Stronger models relieve each problem somewhat, but none of them disappear. The way attention works guarantees it will always be weighted by the prior context—that doesn't go away with more parameters. The context window can grow from tens of thousands to millions—the implicit coupling of a real system will always exceed it. The cost of an irreversible operation is set by the physical world. No matter how smart the model is, the money you wired out doesn't come back.

So when you put the four sections of this chapter side by side, you find they're describing four faces of the same fact. Error compounding has to be cut by deterministic external feedback. Attention anchoring has to be broken by an external session reset. Field-of-view blind spots have to be filled by a human. Irreversible cost has to be partitioned by separating autonomy zones. Every typical failure mode has its solution outside the agent, not inside. The model can't solve them on its own—not because this generation isn't strong enough, but because these are things that sit outside the model's rules of operation by their very nature.
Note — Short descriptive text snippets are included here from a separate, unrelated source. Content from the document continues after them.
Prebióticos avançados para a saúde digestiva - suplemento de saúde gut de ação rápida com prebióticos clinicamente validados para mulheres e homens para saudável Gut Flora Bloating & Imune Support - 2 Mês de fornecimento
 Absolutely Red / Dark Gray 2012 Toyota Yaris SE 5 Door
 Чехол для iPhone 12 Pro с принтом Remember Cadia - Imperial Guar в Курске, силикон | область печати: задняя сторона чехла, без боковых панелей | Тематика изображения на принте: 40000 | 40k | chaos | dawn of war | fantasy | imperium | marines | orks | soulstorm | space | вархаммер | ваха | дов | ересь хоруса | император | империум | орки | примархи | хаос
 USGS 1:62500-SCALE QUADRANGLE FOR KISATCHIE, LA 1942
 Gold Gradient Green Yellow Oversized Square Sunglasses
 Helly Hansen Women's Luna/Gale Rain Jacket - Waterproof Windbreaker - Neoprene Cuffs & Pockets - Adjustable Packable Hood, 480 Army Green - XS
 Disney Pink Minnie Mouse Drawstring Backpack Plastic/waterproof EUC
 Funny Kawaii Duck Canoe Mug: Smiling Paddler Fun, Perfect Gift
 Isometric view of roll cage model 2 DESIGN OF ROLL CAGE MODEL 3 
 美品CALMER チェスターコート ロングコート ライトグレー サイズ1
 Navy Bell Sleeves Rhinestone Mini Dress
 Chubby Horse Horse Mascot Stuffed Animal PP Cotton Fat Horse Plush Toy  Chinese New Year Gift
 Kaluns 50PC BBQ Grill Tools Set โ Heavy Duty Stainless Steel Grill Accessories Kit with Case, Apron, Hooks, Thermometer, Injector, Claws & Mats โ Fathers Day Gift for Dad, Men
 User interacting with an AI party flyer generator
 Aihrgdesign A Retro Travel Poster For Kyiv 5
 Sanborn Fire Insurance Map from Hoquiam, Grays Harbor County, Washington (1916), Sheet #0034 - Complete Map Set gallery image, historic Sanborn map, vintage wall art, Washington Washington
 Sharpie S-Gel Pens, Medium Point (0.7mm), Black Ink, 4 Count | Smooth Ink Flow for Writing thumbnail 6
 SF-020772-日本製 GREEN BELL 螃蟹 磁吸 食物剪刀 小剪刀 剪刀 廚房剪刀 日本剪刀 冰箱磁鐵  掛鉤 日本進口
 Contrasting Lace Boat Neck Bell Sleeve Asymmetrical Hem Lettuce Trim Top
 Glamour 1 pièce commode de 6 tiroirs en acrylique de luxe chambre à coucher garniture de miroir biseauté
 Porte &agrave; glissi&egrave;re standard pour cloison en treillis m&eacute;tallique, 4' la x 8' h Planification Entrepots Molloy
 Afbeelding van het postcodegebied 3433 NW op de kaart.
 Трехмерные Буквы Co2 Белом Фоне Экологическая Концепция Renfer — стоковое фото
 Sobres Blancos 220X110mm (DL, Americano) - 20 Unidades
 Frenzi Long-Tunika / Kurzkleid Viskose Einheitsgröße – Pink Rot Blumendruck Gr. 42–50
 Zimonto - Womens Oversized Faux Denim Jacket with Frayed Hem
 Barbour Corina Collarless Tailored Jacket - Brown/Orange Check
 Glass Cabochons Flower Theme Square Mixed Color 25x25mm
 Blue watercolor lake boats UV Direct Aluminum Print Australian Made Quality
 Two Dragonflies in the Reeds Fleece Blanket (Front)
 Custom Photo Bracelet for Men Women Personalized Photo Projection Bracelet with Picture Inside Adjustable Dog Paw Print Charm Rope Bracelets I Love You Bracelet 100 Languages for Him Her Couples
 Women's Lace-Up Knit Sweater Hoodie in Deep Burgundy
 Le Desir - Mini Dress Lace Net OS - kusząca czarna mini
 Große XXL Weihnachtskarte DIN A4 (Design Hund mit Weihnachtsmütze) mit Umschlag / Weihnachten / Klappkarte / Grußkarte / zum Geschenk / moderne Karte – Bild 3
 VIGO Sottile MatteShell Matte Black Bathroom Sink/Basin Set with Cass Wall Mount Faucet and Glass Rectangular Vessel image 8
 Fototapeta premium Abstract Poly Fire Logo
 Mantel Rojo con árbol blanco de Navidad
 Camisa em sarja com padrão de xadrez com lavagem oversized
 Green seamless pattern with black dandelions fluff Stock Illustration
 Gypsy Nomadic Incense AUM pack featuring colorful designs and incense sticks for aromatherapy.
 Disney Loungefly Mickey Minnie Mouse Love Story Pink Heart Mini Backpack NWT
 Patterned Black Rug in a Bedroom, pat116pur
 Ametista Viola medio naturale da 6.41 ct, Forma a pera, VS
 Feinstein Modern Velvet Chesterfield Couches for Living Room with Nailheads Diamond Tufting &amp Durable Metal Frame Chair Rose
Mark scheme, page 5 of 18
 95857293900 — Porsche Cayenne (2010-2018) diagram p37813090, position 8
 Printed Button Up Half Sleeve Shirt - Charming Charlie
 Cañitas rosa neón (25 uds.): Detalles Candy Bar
If the solutions all live outside, then how far an agent goes is no longer a property of the model. It's a property of the layer around the model. The same agent and the same model dropped into different engineering environments will travel very different distances. A repo with full CI, mandatory PR review, healthy coverage, and human-confirm gates on critical paths versus a repo with main pushes allowed, sparse tests, and manual deploy scripts—give the same agent the same task in both, and the long-term failure rate differs by an order of magnitude. The difference isn't the model. It's how many gates the surrounding chain has.

When an agent feels great in a particular project, don't credit the model first. Look at the project's scaffolding. Most of the time the project itself has plugged the holes the agent tends to fall through—it has strong types, it has coverage, it has lint, it has clean module boundaries, it has humans gating critical operations. Conversely, when an agent feels useless in a project, don't curse the model first. Count how many of those holes are still open. The gap between those two situations predicts whether an agent task lands better than the gap between model generations.

The reliability of complex systems was never guaranteed by every part being mistake-free. It was guaranteed by the system absorbing every part's mistakes. Aviation, nuclear power, distributed systems, manufacturing lines—none of them assume parts don't fail. They assume parts will fail, and they cap the cost of failure with redundancy, validation, rollback, and isolation. Agents are the same. Their reliability has to be built in the same way.